WORK TASK: Would you please repeat, word for word, only the lines from the one holding "автомобили, -авто, с, девушками, красивая, девушка" through the one holding "1971 GMC SPRINT" in the material below, without the pictures?

AVAILABLE DATA:
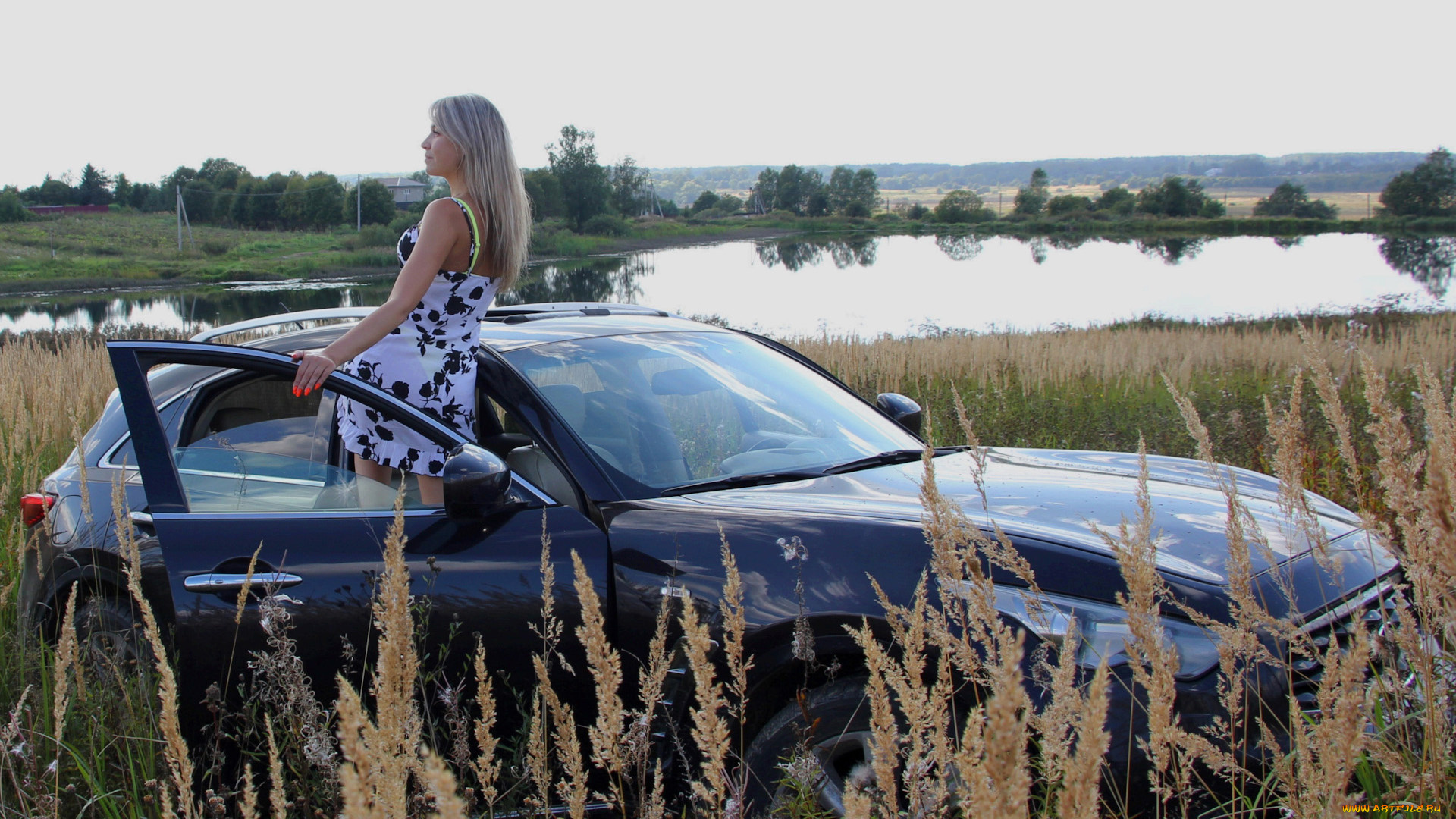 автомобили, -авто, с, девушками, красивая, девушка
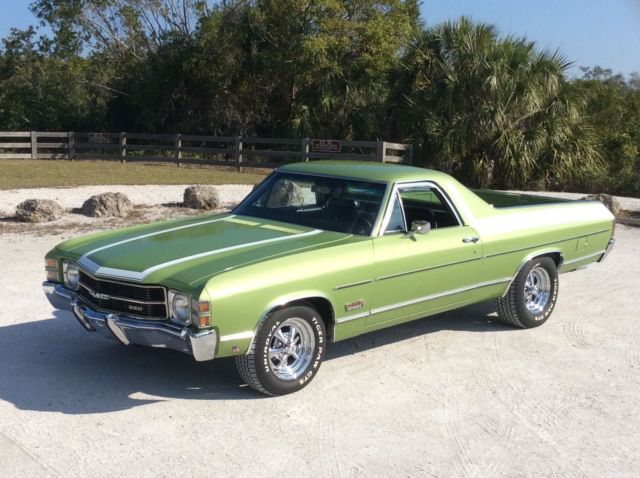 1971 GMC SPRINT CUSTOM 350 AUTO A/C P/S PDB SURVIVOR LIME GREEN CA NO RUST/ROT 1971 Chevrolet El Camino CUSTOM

--

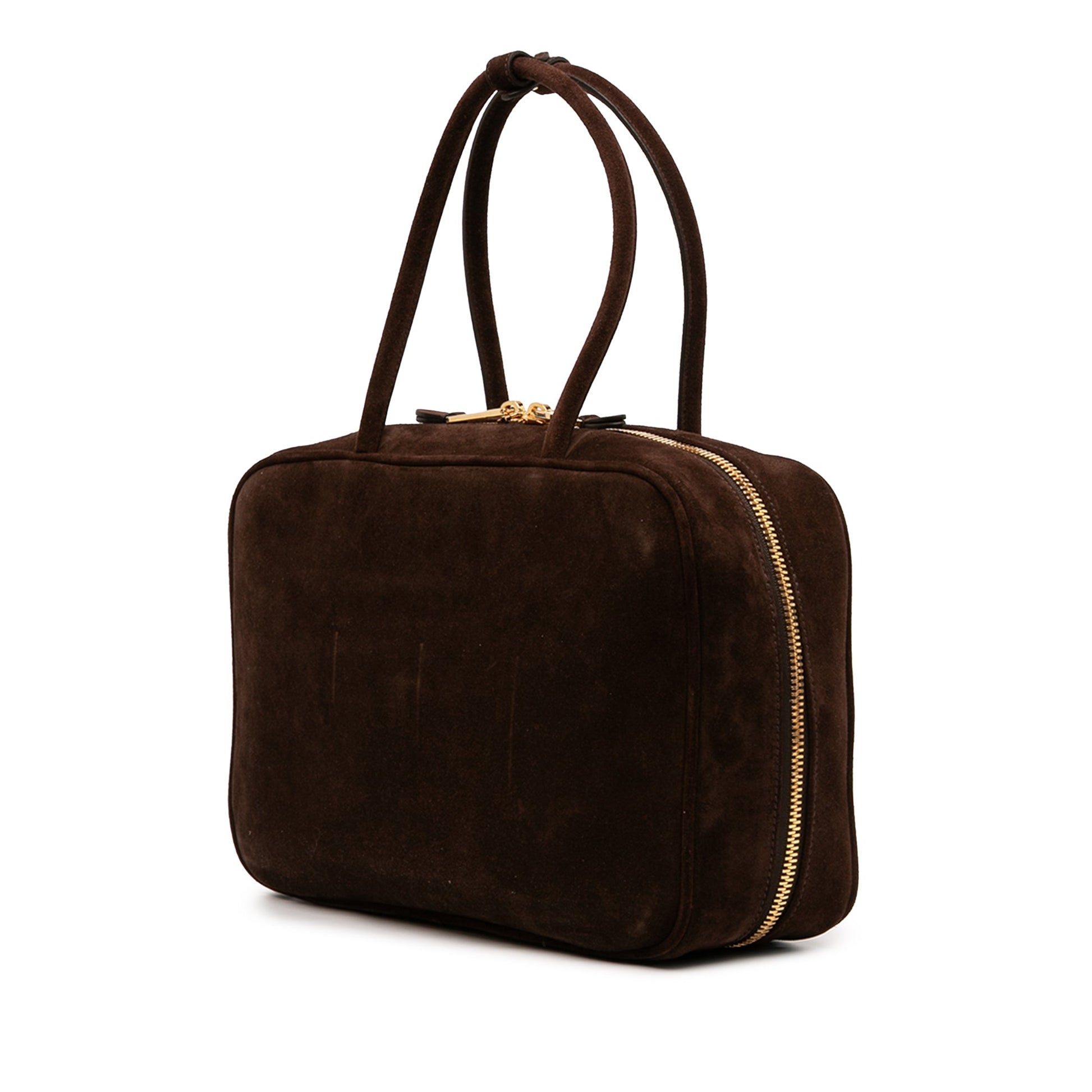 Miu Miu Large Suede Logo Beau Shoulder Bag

==

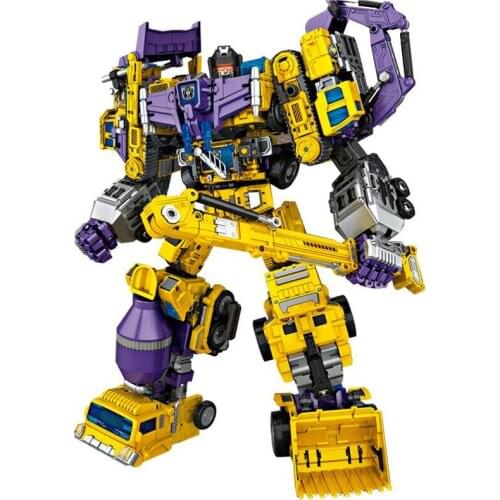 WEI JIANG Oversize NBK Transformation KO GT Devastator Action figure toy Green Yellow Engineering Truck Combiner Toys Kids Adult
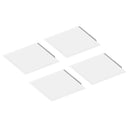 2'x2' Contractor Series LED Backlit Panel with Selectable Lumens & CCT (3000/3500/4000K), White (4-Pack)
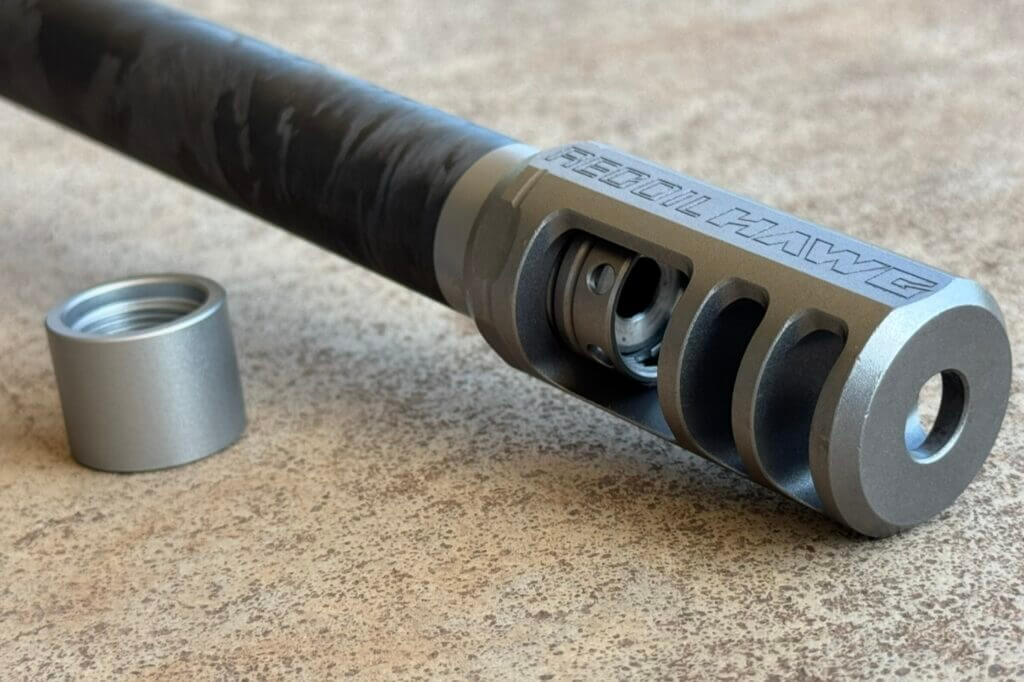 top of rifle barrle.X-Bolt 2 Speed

SOLUTION TO THIS TASK:
 автомобили, -авто, с, девушками, красивая, девушка
 1971 GMC SPRINT CUSTOM 350 AUTO A/C P/S PDB SURVIVOR LIME GREEN CA NO RUST/ROT 1971 Chevrolet El Camino CUSTOM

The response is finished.